For twenty-one-year-old Marco Melandri, going back to Japan will no doubt evoke some poignant memories: The Ravenna-born rider had a bad fall on his MotoGP debut at Suzuka, breaking his leg.

Fortunately, the 250cc world champion bounced back from his injuries in an amazingly short time and has gone on to shine on his underperforming factory Fortuna Yamaha.

"My last race in Japan with the M1 earlier this year ended badly when I crashed out on the first day and had to miss that race and the following race," said Marco, before revealing that his difficult season so far could turn out to be beneficial: "In a way that first stage of the season made me stronger because it made me realise how difficult this class can be, and it gave me time to focus on my training programme. I'm sure that next year I will look back on this year and be grateful for a difficult first season in MotoGP.

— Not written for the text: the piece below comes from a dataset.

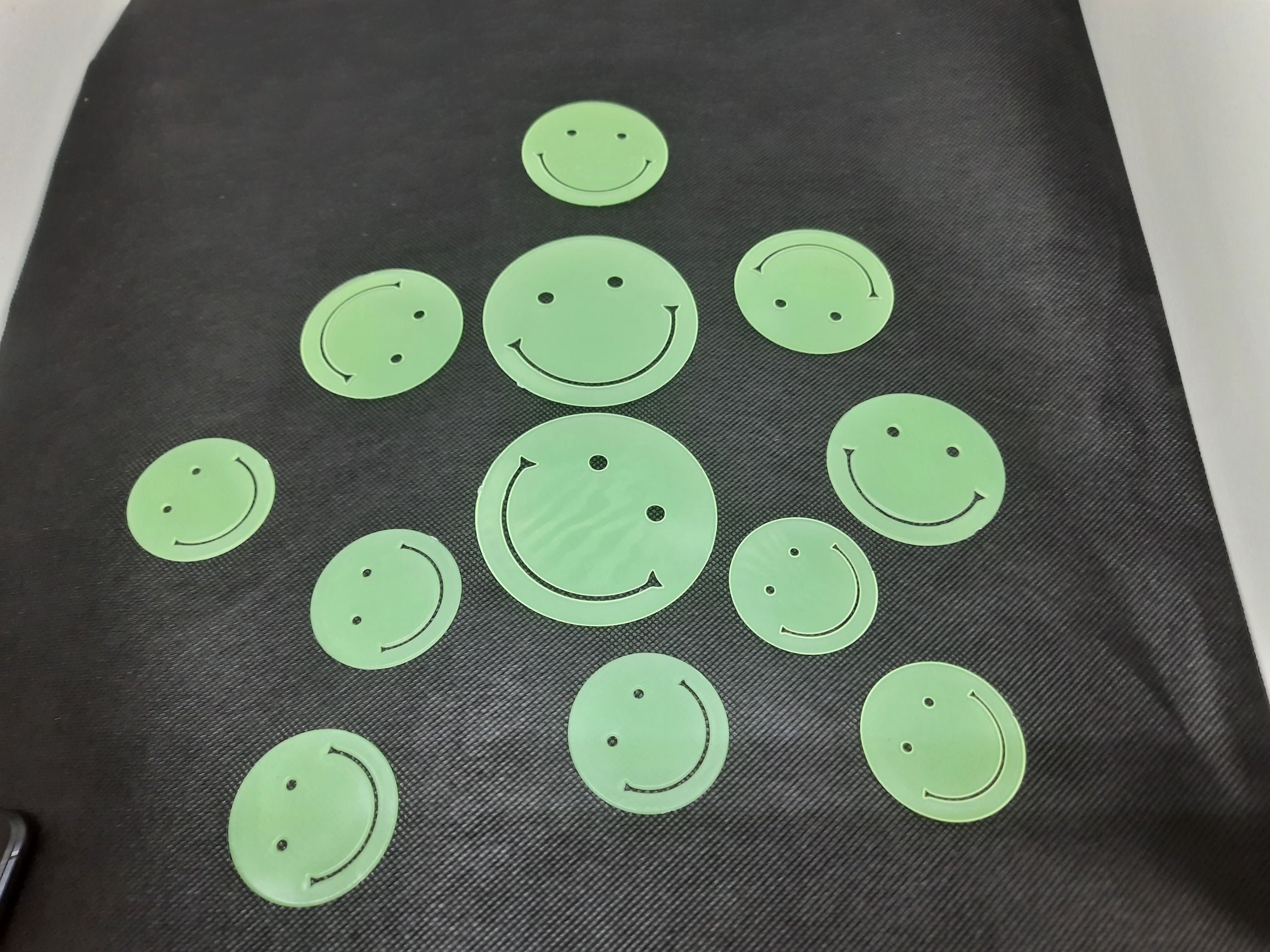 Room Wall Decoration Smiley Sunshine Radium Star Sticker For Kids Girls Boys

"Obviously Japan will be a very important race for me again as I would really like to do well in front of my Yamaha bosses," he added. "Many Yamaha staff have only had one chance to see me ride in Japan before my accident on the Friday in Suzuka at the start of the year. Hopefully I can get a result that will make them proud."

"Carlos (Checa) had a good race in Brno, and Marco did in Estoril, and both are capable of having a good end of season," said team director Davide Brivio. "We will work as hard as we can to improve their feeling with their bikes. We have recently improved our engine performance and now the focus needs to be on the chassis and set-up."

Brivio also approves of the decision to take Suzuka off the 2004 calendar, partially as a result of Melandri's accident.

"Next year Motegi is going to be the only race in Japan further to the decision of the riders, FIM and the promoter. I think everyone respects that decision to take Suzuka off the calendar as it's the safety of the riders at stake," he said.